Building A Strong Multilingual Idiomatic Repertoire Using Natural Language Processing Models
Zehlia Babaci-Wilhite, Lecturer
UGIS
Closed. This professor is continuing with Fall 2023 apprentices on this project; no new apprentices needed for Spring 2024.
Effective acquisition of multi-languages is mainly based on building a fortified vocabulary repertoire. Understanding and using figurative language, specifically idioms is considered a sign of students’ advanced language proficiency. However, acquiring idioms has always been a challenge for language learners. Considering the fact that NLP and NLU is rapidly flourishing in our lives, the study aims to exploit NLP and NLU models specifically text classification for facilitating the differentiation process between the literal and figurative meaning of idiomatic expressions, develop a user-friendly interface for assisting learners of Arabic, English, French, Norwegian, Spanish, Mandarin, Cantonese, Japanese and other foreign languages to investigate the impact of using the developed program on language learners’ competency level and explore the learners’ opinions about this program for future development. The accuracy of these models using different classifiers; Nivea Bayes, Logistic Regression and SVM will be checked. The highly accurate model will be then developed into a full-fledged program that is user-friendly. Following the development of this program, a complementary study will be conducted. Data will be collected from a huge number of foreign language learners (i.e. English, Arabic, Mandarin and Cantonese,Spanish, Norwegian, French and Japanese) both through pre- and post-test designed by the researcher and analyzed quantitatively and quantitatively.
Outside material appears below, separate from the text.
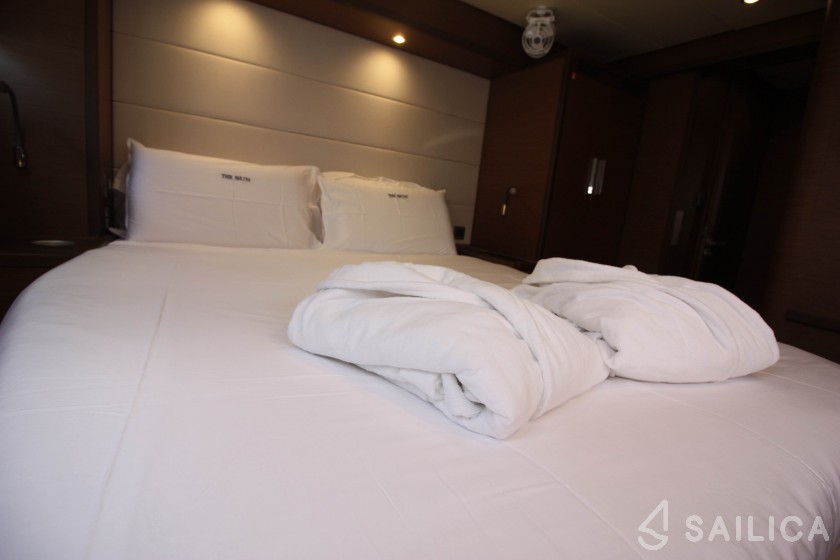 Lagoon 620 - Yacht Charter Sailica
The pre-test which will assess the learners’ idiomatic cognition before the treatment will be followed by a treatment (i.e. learners will be asked to lean idioms using the program) and a post-test to check its efficiency through determining the impact of using the developed program on their idiomatic knowledge.
Role: Collecting Data through the research process and presenting at a mini-conference
Qualifications: Interested in language and technology
Hours: to be negotiated
Off-Campus Research Site: Via zoom